Las ceremonias son relatadas en las crónicas con mayor o menor extensión, desde la mera alusión a la descripción pormenorizada. El autor de la Crónica incompleta, por ejemplo, describe la justa y las fiestas ofrecidas a los reyes en Valladolid, en marzo de 1475, por el duque de Alba. De esta justa y fiestas disponemos también de un relato bastante detallado en el Cronicón de Valladolid, escrito por un médico de la reina conocido con el nombre de Toledo. El autor de la Incompleta parece que estuvo presente aquellos días en la corte, pues sus apreciaciones parecen ser las de un espectador, sin embargo, no parece que la reina Isabel despierte un interés mayor para él que el resto de nobles y caballeros. Entre estos, el duque de Alba parece despertar en él un interés especial.


Pero se le escapa un detalle fundamental que hubiera resaltado el perfil ceremonial de la figura de Isabel como reina de Castilla, detalle que el autor del Cronicón sí escogió entre los detalles posibles para plasmar en su relación: el uso de la corona real por parte de Isabel los días que presenció las justas. La reina portó una corona y sus damas llevaban también tocados a modo de corona. Aquí se nos sugiere la idea de que la elección del vestido y el tocado de las damas parece iniciativa de Isabel: es como si la reina hubiera querido conseguir con el tocado de sus damas un efecto simbólico multiplicador. Iban, además, vestidas de brocado verde y de terciopelo pardillo, precisamente los colores que ostentaba la divisa personal de Isabel, la divisa de las flechas.




Otra crónica de las escritas al inicio del reinado, la Divina retribución, por el Bachiller Palma, relata pormenorizadamente tres episodios ceremoniales: la despedida al rey Fernando en Valladolid antes de partir con la hueste hacia el asedio de Toro, en la primavera de 1475; la primera entrada del rey en Toledo y la ceremonia de triunfo por la victoria en Toro, ambas ocurridas en 1477. A tenor de esta selección, en principio, parece que el cronista mostrase una preferencia mayor por la figura de Fernando que por la de Isabel, según se desprende de la primera y de la segunda de las ceremonias descritas por el Bachiller Palma. Pero esta primera observación puede matizarse si nos fijamos en los detalles.


El protagonismo del rey queda compensado por el hecho de que Isabel también aparece acompañando a su marido, pues ambos acudían a Toledo a celebrar la victoria sobre su adversario portugués, que por esas fechas se consideraba prácticamente asegurada.
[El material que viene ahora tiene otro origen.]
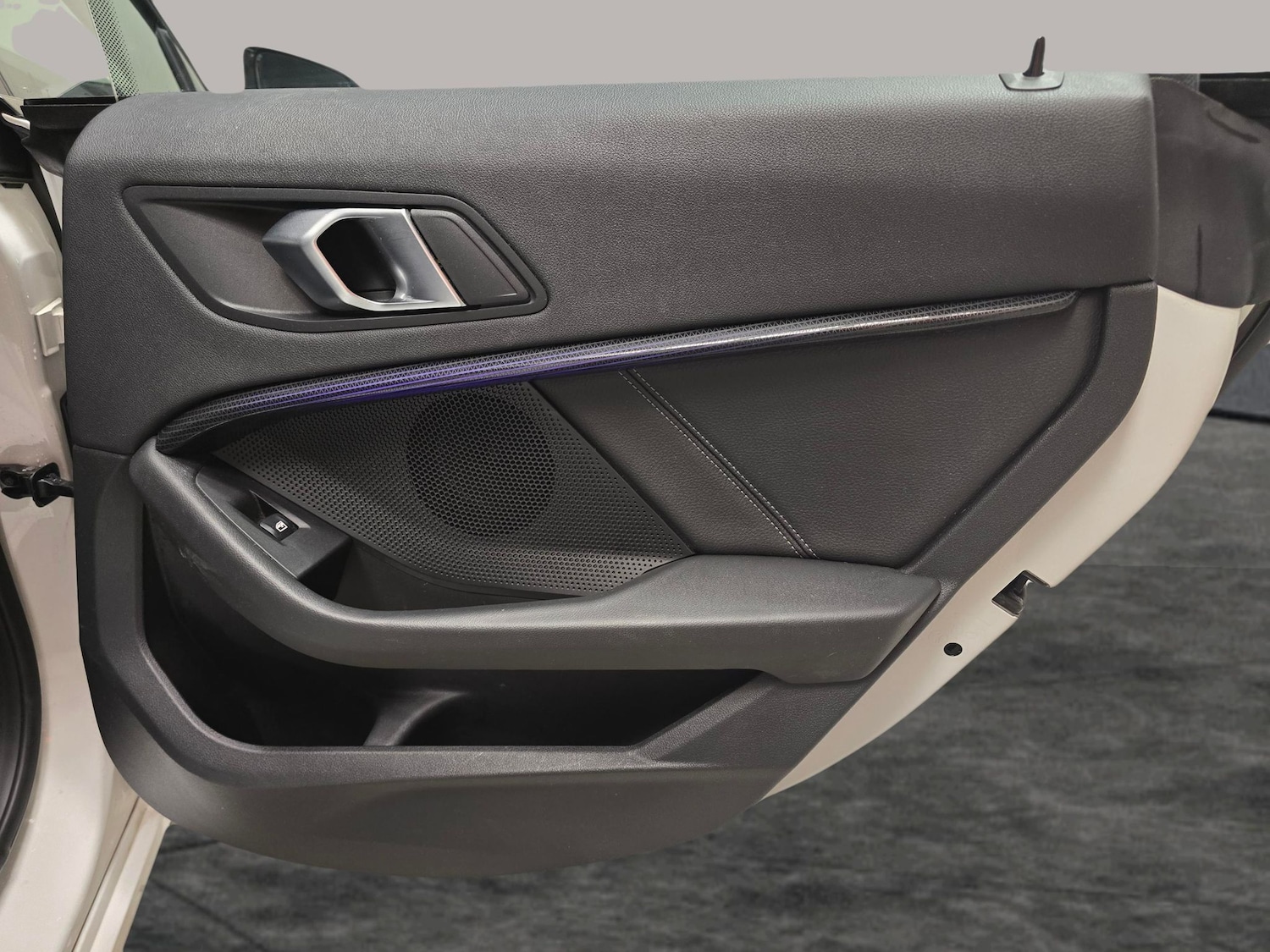 Used BMW 2 Series 2021 for sale - 76542693: Photo 28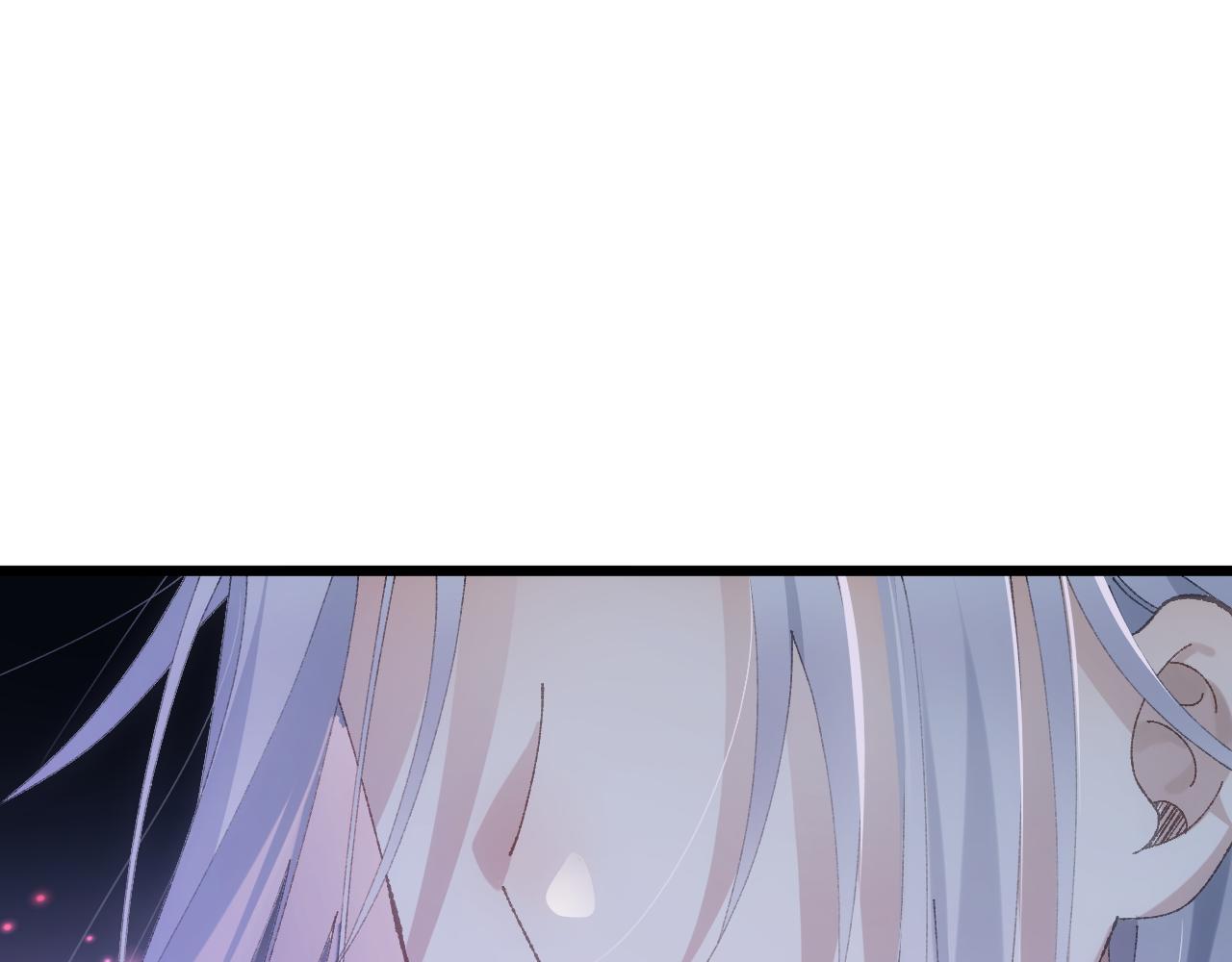 第三十三章 轮回（二）-第66话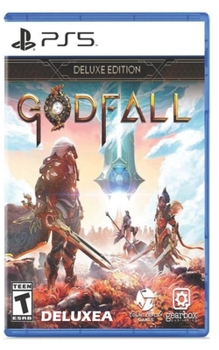 Paperback Deluxea Book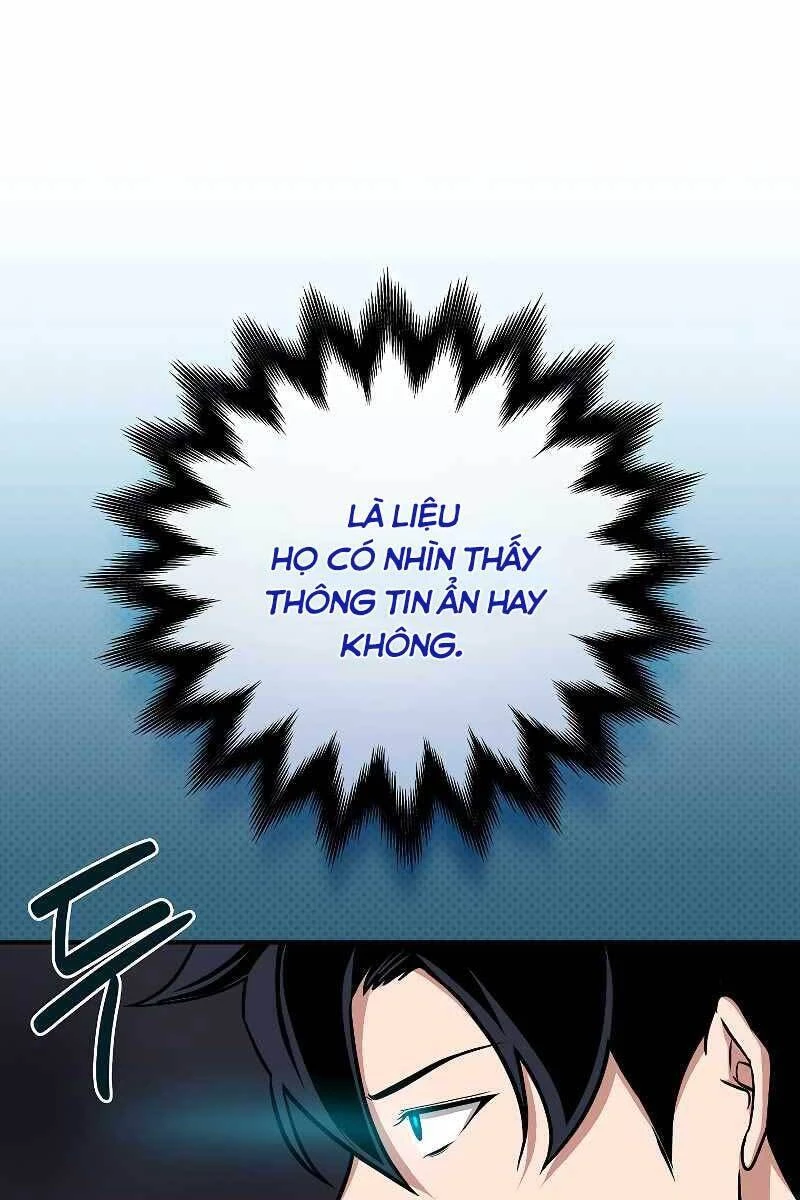 Streamer Pháp Sư Chapter 51 - 33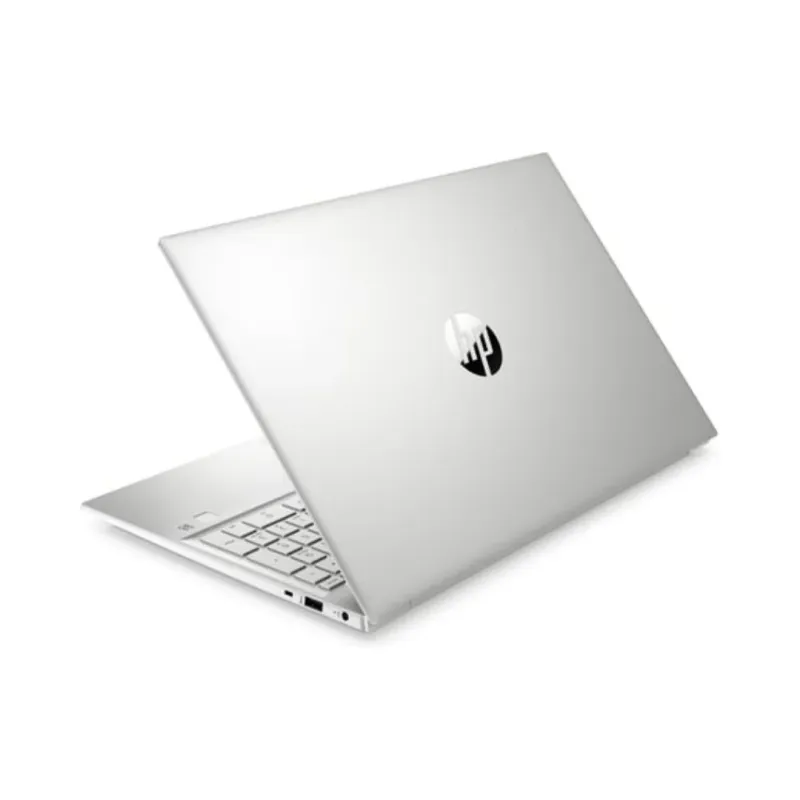 HP Pavilion 15 eg3004nk Intel Core i5 13ème Gen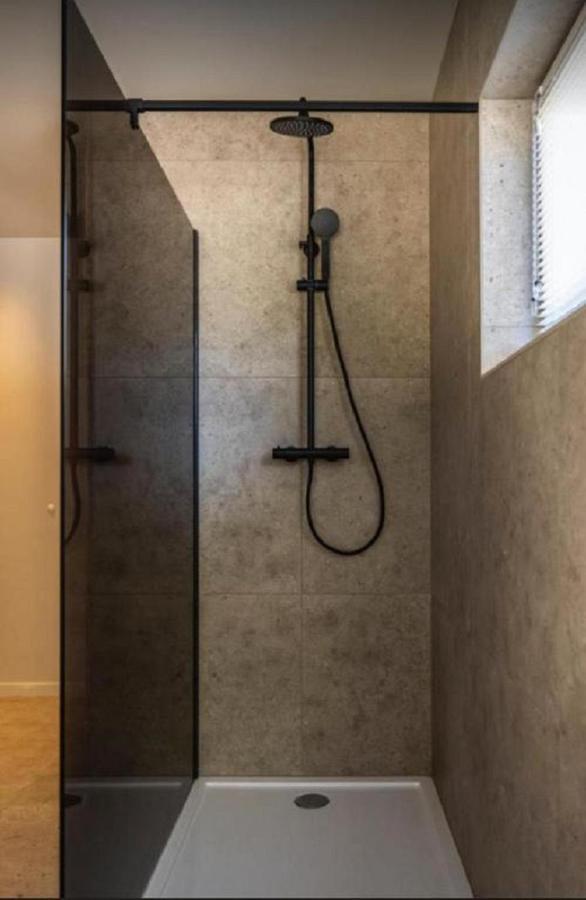 Casa57 Panzió Waasmunster Kültér fotó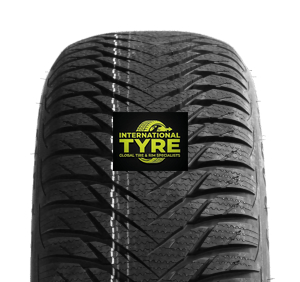 GOODYEAR GOODYEAR UG 8 195/65 R15 91 H 195/65 R15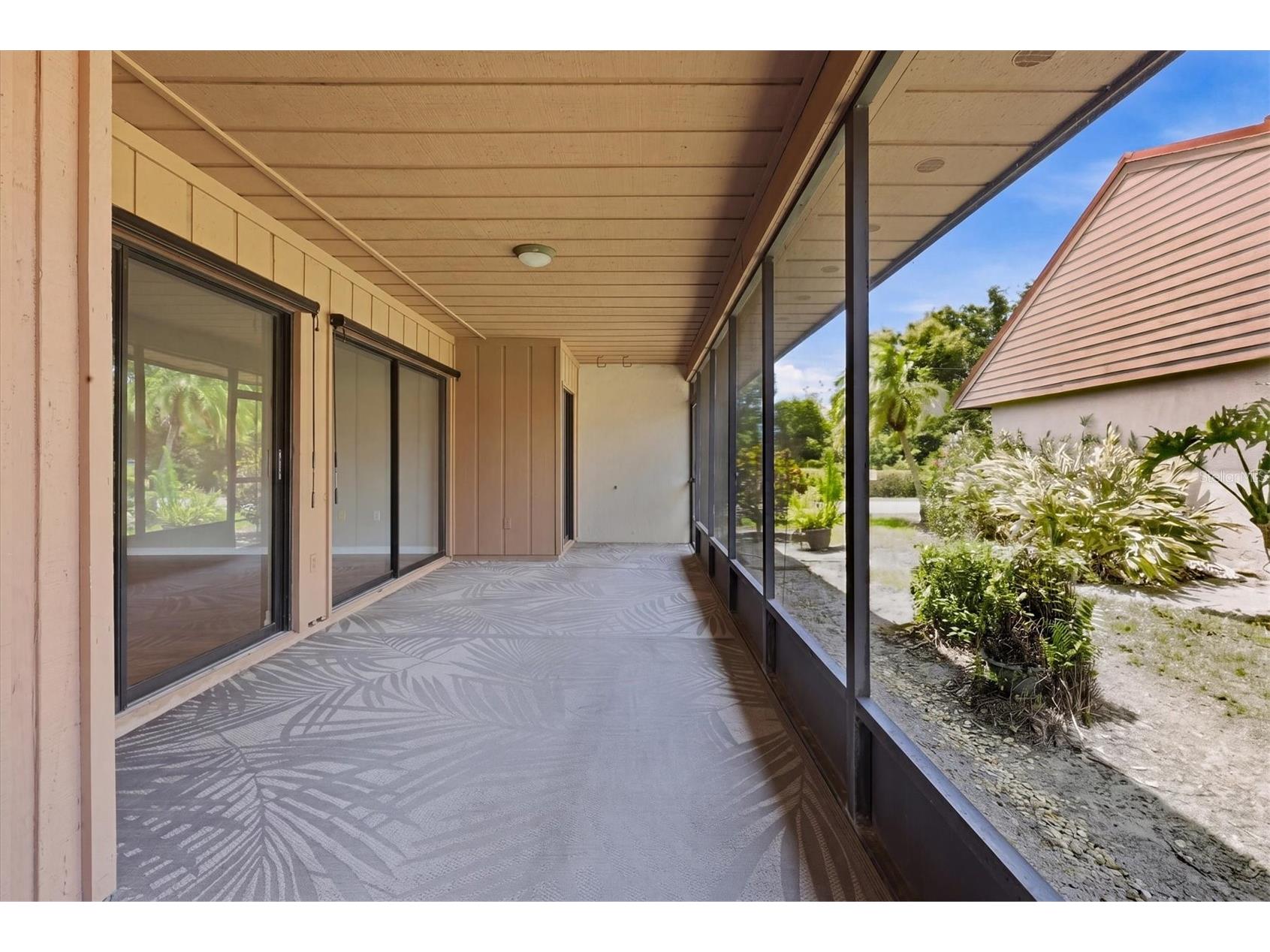 6628 Draw Lane #122 Sarasota FL 34238 A4693276 image32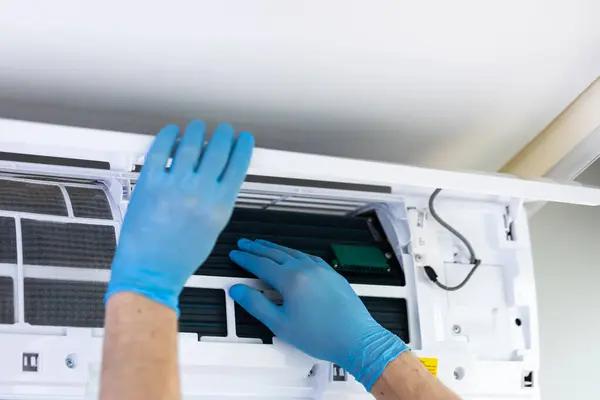 Quick Furnace Repair to Restore Your Home Heating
La reina envió al concejo una carta, en la cual también anunciaba la finalidad litúrgica de la visita: dar gracias a san Alfonso, patrón de la ciudad, por la victoria alcanzada.


Se trata de una reina preocupada por la política simbólica y propagandística. No le importa que sea Fernando, su marido, el que resulte más honrado en el recibimiento, puesto que se trataba de un momento especialmente crítico de la guerra sucesoria, un momento en el que interesaba ensalzar el valor militar del rey. En este mismo sentido hay que entender un gesto de cortesía de la reina, de esos que gustan reflejar los cronistas en atención a los usos sociales que practicaba la élite: la soberana, en la entrada real, cedió su derecha al rey, el lugar de la precedencia, después de una breve porfía cortés entre ambos.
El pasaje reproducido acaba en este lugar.